Forty-eight hours after the blaze, the residents of Santa Fe are still partying. Marching bands and mounted regiments are gathered in the parking lot of the DeVargas Mall, waiting for the 2 p.m. kickoff of the annual Fiesta parade. It's a weird cross-section of Santa Fe, past and present: Church groups, New Age healers, and gay activists line up side-by-side with costumed Spanish conquistadors and Pueblo Indians.

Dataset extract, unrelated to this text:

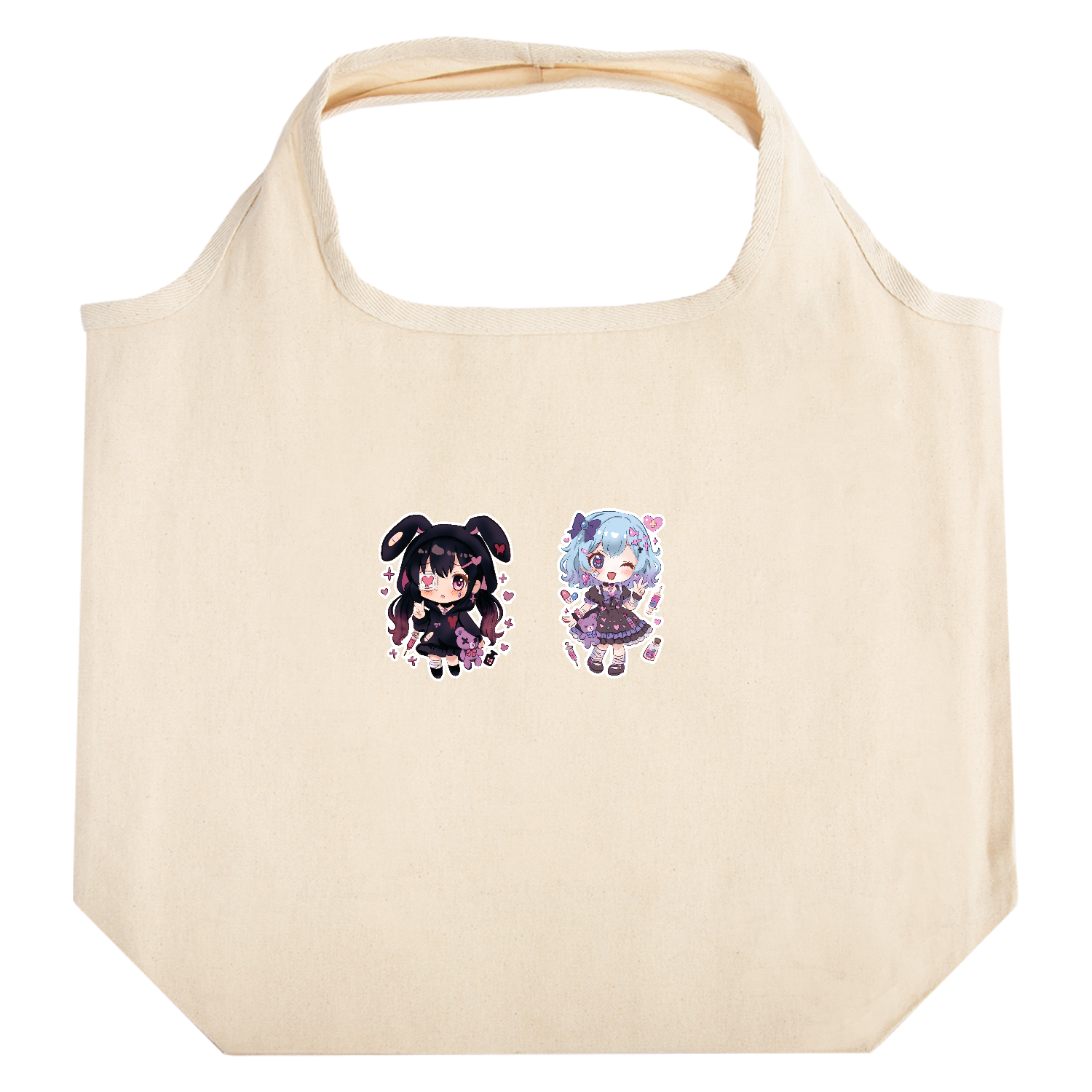 みるるちゃんとくろねちゃんグッズ たためるマルシェ【白プリントあり】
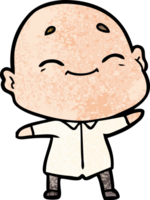 happy cartoon bald man png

And then, of course, there are the politicians. Office-seekers at every level have turned out on this cloudless September afternoon to shake a few hands and change a few minds. At one end of the mall parking lot, in front of the Wells Fargo bank building, John Sanchez has set up an impromptu barbecue for his supporters. The 39-year-old gubernatorial hopeful works his admiring crowd, offering thanks, hugs, and "Dream Big" T-shirts.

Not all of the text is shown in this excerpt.